Task brief:
All lines from the opening of the entries below through the line containing "梓园社区(麻纺厂宿舍) 2室1厅1卫 900.0元/月 梓园社区(麻纺厂宿舍)" must be output exactly as they appear, with no other lines.

[Collected data entries]
__________________________________________________
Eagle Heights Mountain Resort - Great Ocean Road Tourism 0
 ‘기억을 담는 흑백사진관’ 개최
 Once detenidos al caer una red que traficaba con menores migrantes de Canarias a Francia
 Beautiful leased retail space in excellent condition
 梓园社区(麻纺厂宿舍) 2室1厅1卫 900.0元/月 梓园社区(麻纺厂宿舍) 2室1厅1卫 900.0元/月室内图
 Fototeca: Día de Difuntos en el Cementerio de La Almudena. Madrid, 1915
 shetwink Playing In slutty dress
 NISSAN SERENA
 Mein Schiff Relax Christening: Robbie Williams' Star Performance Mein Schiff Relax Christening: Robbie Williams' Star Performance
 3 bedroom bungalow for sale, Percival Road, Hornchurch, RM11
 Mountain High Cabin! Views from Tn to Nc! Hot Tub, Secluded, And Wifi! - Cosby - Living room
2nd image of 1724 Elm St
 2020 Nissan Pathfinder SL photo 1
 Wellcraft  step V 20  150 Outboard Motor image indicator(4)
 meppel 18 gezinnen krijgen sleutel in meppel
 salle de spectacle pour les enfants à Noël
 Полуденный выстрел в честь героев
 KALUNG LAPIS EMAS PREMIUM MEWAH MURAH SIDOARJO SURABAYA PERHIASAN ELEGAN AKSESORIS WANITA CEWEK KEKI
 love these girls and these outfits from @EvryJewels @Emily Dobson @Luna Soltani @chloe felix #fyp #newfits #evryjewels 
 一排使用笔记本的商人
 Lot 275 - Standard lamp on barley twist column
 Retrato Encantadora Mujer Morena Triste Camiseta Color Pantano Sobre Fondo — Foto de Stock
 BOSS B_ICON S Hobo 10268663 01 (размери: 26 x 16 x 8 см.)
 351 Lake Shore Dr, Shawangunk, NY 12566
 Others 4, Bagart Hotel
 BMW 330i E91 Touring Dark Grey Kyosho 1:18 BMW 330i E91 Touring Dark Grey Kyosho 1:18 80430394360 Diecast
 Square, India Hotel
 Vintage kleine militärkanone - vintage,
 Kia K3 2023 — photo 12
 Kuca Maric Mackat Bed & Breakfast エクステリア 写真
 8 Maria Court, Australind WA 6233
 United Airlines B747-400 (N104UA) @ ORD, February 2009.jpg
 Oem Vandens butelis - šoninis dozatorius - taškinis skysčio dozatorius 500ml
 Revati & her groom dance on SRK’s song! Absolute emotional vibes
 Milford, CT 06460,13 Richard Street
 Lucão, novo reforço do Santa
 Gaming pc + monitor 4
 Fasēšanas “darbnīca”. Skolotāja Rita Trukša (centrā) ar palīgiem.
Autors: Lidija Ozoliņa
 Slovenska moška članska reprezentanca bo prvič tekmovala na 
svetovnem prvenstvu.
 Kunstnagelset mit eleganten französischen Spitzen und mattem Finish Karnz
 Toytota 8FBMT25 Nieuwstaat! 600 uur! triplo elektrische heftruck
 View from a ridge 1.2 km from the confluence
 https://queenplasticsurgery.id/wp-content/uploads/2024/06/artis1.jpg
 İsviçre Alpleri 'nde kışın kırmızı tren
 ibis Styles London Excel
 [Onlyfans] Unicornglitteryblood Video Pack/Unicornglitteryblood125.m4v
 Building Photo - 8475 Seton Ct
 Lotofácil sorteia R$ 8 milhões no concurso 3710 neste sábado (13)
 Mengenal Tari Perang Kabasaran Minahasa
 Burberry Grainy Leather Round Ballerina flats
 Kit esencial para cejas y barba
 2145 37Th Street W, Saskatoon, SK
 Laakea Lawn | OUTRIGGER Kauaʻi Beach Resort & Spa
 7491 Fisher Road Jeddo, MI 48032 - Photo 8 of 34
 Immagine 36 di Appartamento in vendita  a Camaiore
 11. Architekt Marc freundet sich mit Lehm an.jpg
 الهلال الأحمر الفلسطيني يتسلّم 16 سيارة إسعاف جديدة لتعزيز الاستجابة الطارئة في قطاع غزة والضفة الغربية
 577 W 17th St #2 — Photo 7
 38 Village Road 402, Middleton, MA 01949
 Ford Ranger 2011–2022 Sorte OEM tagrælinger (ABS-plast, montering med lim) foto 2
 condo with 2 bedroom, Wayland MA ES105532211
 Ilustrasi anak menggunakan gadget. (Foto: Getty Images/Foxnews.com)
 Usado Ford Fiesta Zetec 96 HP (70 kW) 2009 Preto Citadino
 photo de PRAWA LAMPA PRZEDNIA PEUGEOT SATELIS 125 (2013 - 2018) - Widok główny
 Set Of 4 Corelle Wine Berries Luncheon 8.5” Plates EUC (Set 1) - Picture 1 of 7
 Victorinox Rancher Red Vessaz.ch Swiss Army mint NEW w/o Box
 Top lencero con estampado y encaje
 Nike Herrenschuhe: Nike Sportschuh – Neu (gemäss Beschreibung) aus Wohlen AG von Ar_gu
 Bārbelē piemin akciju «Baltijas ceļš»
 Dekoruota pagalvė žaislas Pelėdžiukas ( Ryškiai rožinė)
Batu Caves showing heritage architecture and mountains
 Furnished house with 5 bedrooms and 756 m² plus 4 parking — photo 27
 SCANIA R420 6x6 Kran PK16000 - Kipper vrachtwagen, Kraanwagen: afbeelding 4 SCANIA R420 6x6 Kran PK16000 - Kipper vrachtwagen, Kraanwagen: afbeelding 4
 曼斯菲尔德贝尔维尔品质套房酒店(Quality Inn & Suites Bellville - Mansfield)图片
__________________________________________________
Result:
Eagle Heights Mountain Resort - Great Ocean Road Tourism 0
 ‘기억을 담는 흑백사진관’ 개최
 Once detenidos al caer una red que traficaba con menores migrantes de Canarias a Francia
 Beautiful leased retail space in excellent condition
 梓园社区(麻纺厂宿舍) 2室1厅1卫 900.0元/月 梓园社区(麻纺厂宿舍) 2室1厅1卫 900.0元/月室内图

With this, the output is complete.